Questo carme fu iniziato dal Foscolo nel 1804 e ripreso nel 1806, in un periodo perciò antecedente alla pubblicazione dell'editto di Saint Cloud (cui comunque aggiunse poi un riferimento), legge con cui Napoleone obbligava che i cimiteri fossero posti nelle periferie delle città e le iscrizioni sulle lapidi dovessero essere uguali sia per i defunti illustri che per quelli comuni. L’opera fu dedicata allo scrittore Pindemonte, con il quale il poeta aveva avuto una conversazione a proposito, dichiarandosi inizialmente indifferente alla problematica sepolcrale, e assumendo dunque una posizione dettata da una visione atea e materialistica della morte, la quale era fine di tutto e non sarebbe certo servito un "sasso" a porvi rimedio. Assieme alla Albrizzi, invece, Pindemonte da cattolico, esponendo il piano di un suo poemetto (i Cimiteri), aveva lamentato che la mentalità giacobina cui s'ispirava la nuova legislazione, inducesse a trascurare il pietoso culto dei defunti, e riteneva pertanto che l’editto fosse irrispettoso verso la memoria degli uomini. Ma pochi mesi dopo Foscolo, approfondendo la propria meditazione, s'accorse che quelle tesi che aveva sostenuto non corrispondevano al suo intimo sentire, o almeno non ne esaurivano la complessità, e compose il suo carme come una ripresa, su un piano poetico, della disputa avuta col Pindemonte, ampliandola però in una considerazione più vasta del destino umano, pur mantenendo le sue idee fondamentalmente laiche: spedì allora al Pindemonte un’epistola contenente appunto i “Sepolcri”, componimento col quale ritrattava il suo precedente disinteresse all’argomento.

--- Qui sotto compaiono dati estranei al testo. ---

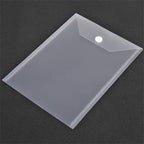 Large Stamp & Die Storage Pockets Resealable Clear Plastic Seal Bags Storage - Image 5
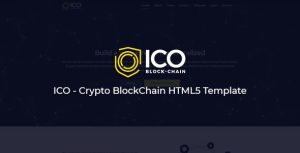 ICO - 加密货币HTML5模板-蟹程序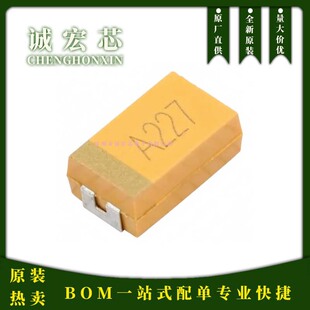 �g���D��7343 220uF &plusmn;10% 10V CA45-D010K227T ȫ��ԭ�b
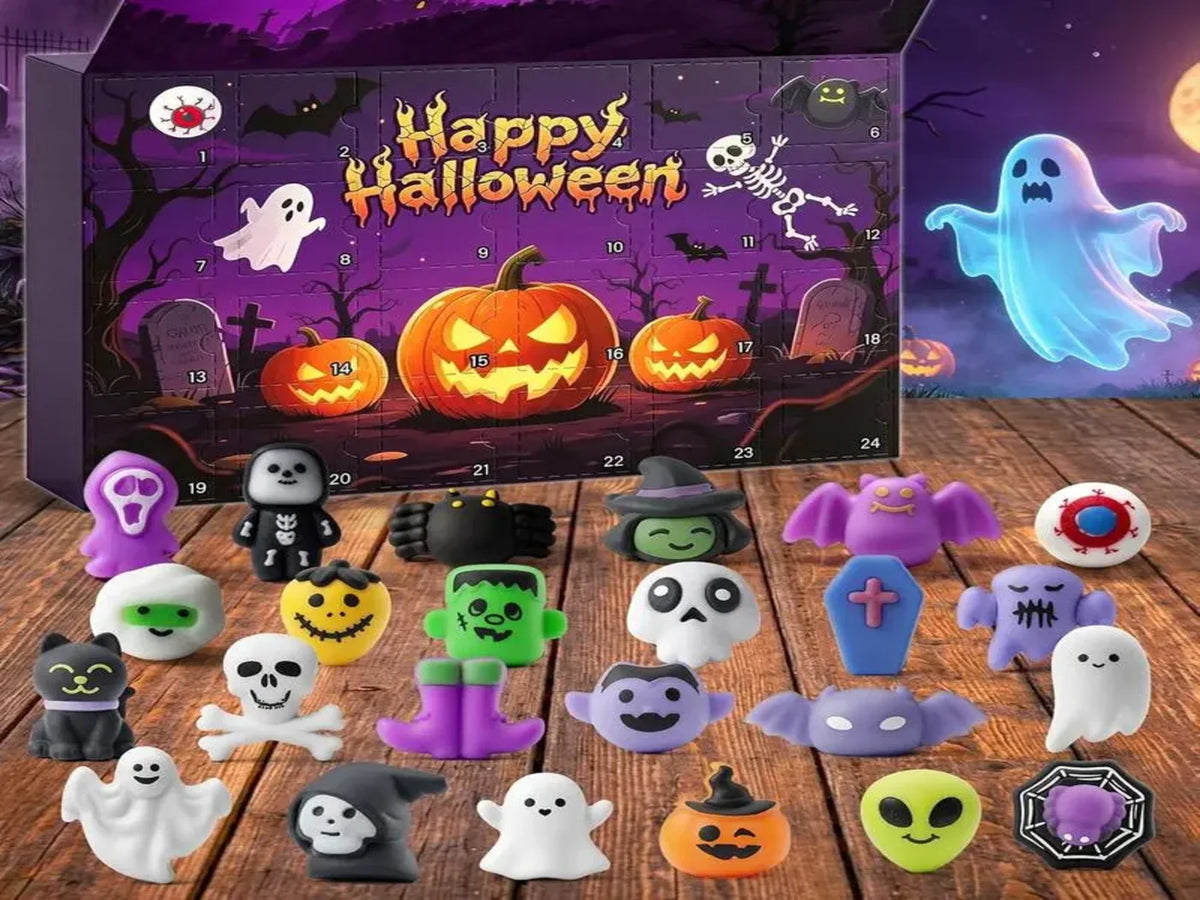 Halloween mochi · 24 doors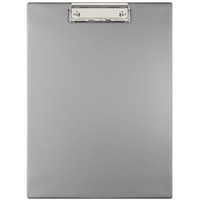 Deska z klipsem Clipboard A4 srebrna KKL-01-01 BIURFOL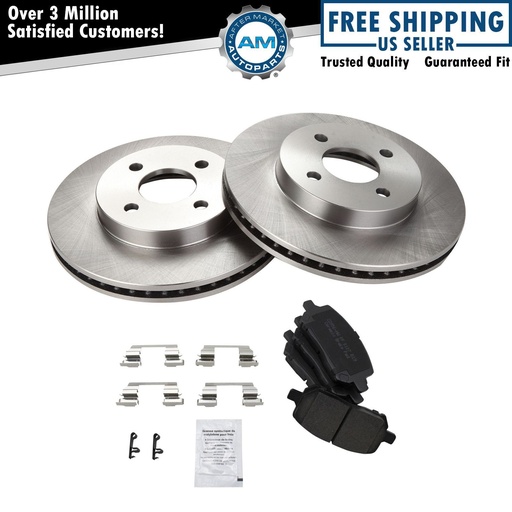 Ceramic freno Pad Disc Rotor Chevy Cobalt G5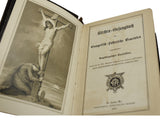 Antique German Hymn Pocket Prayer Book Leather Gilt Embossed Ida Schroeder, Wausau Wisconsin - Premier Estate Gallery 2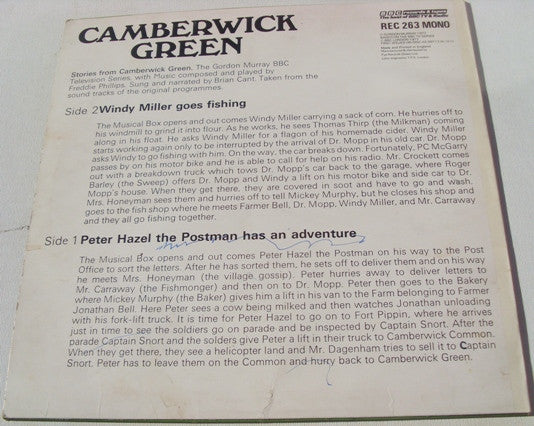 Brian Cant & Freddie Phillips : Camberwick Green (LP, RE)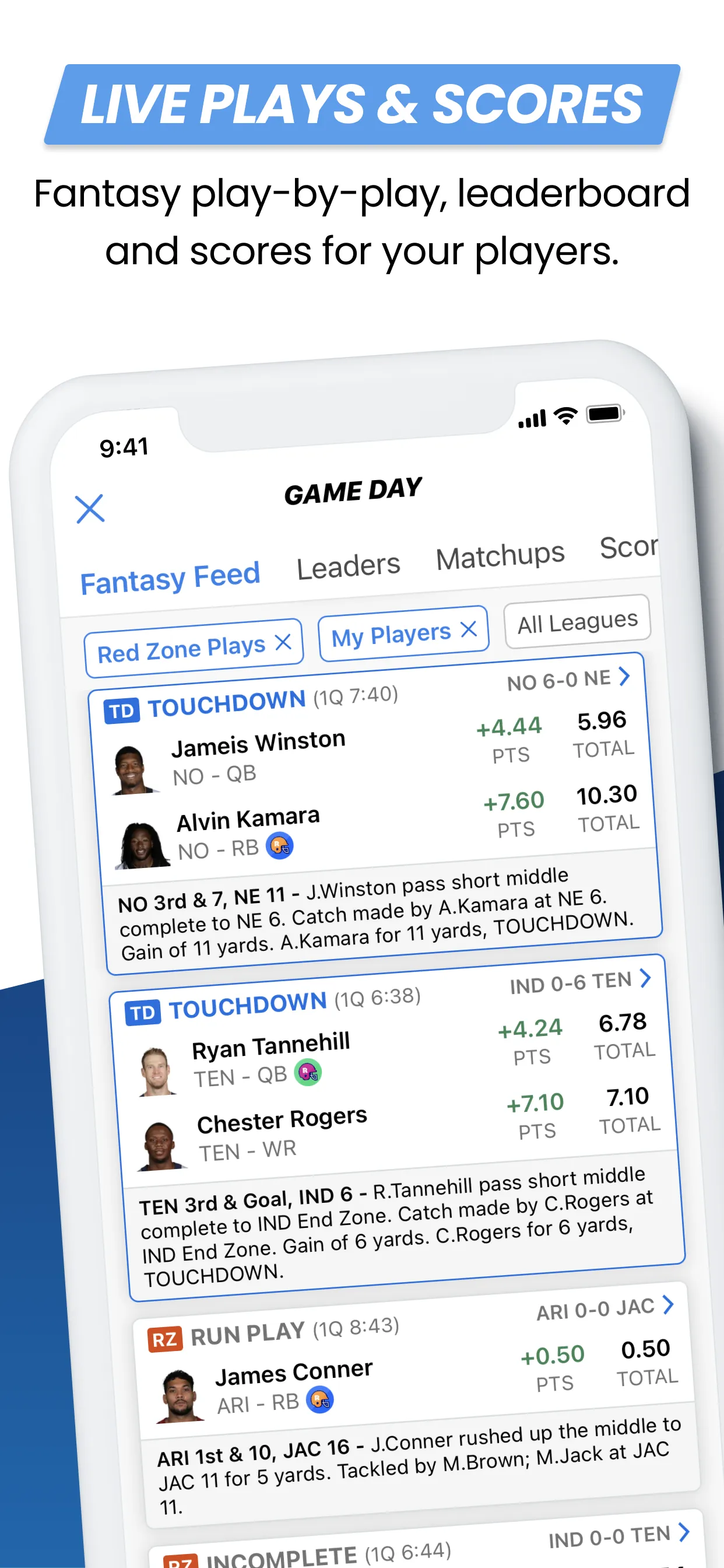 Fantasy Football My Playbook iphone screenshot 9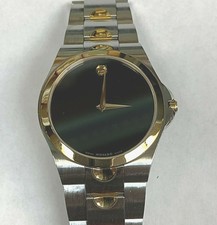 movado luno two tone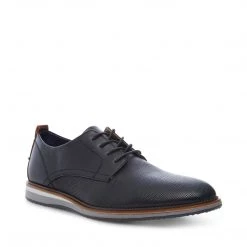 SteveMadden HAMISS BLACK MEN'S SHOES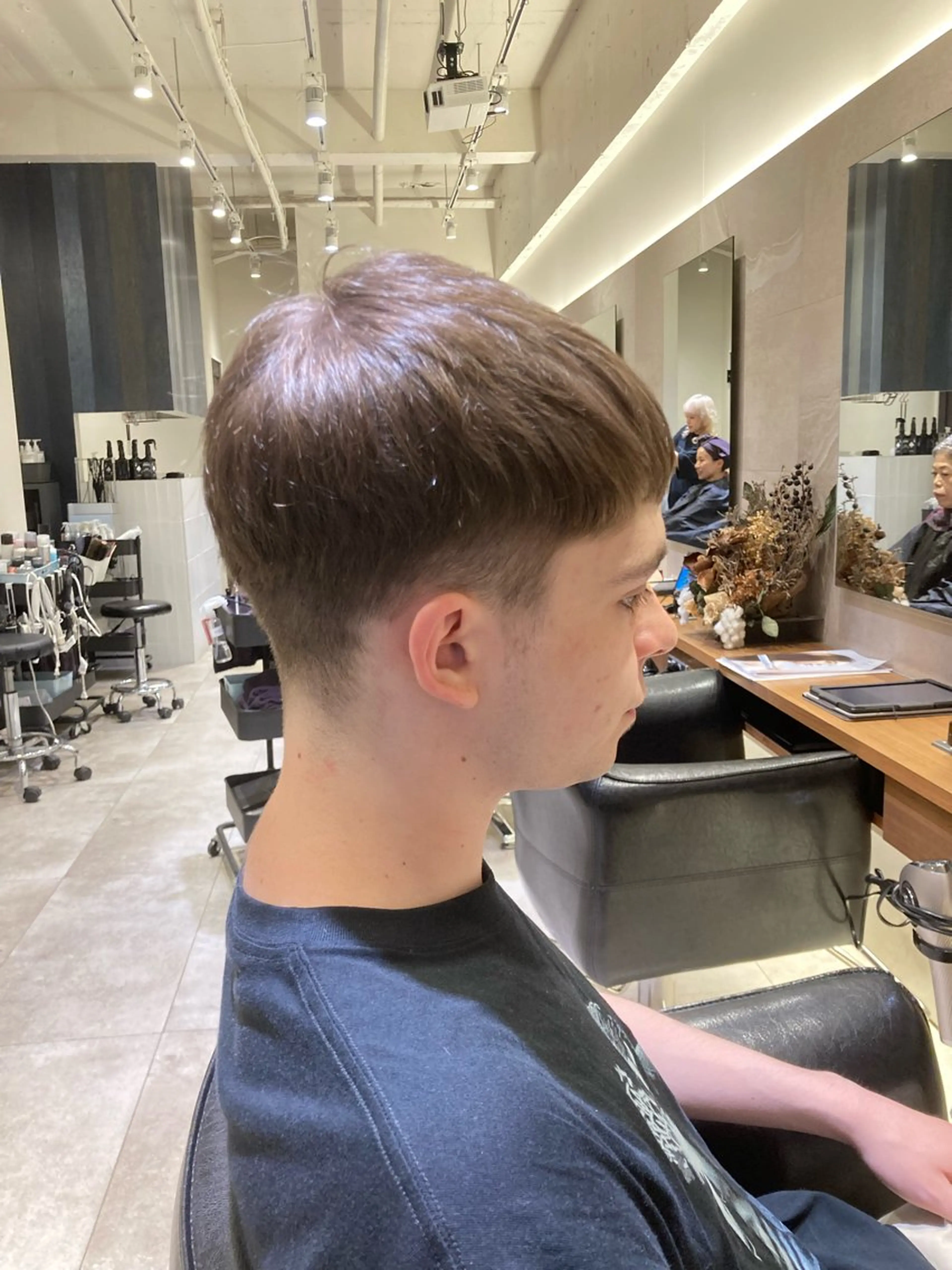 メンズ 男のスタイル革命 健太郎✂︎のヘアスタイル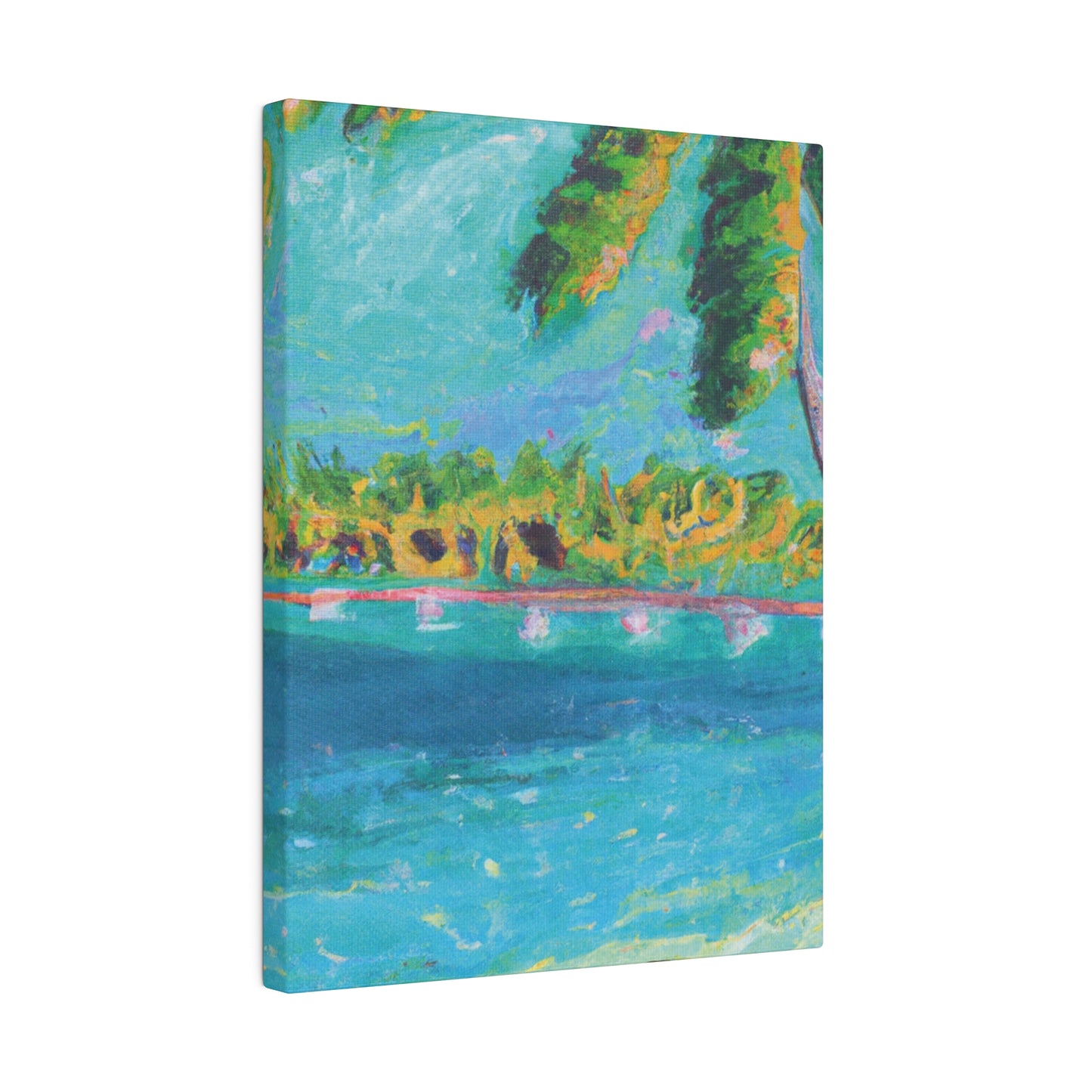 4831J - Bahamas Ocean Painting Print | Bahamas | Ocean | Beach | Poster | Home Decor | Wall Art | Canvas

Con questo carme egli volle perciò dimostrare infine che le tombe, inutili ai morti nella pratica, sono invece necessarie ai vivi i quali, come successe allo stesso Foscolo in Santa Croce, possono, ricordando attraverso quelle i grandi del passato, trarne esempio per la propria vita, continuando magari la strada che avevano tracciato.
I sepolcri, secondo il Foscolo, servono a rinforzare l'affetto familiare di una nazione, a farci ricordare il passato glorioso della Patria e quindi a spingere i giovani verso le grandi gesta, ed è infatti in tali motivi che trova grande spazio l’attualità dell’opera, che quindi pur trattando della morte, si può considerare un incitamento alla vita “eroica”, citando illustri esempi come Dante, Petrarca, Parini, Alfieri e Machiavelli.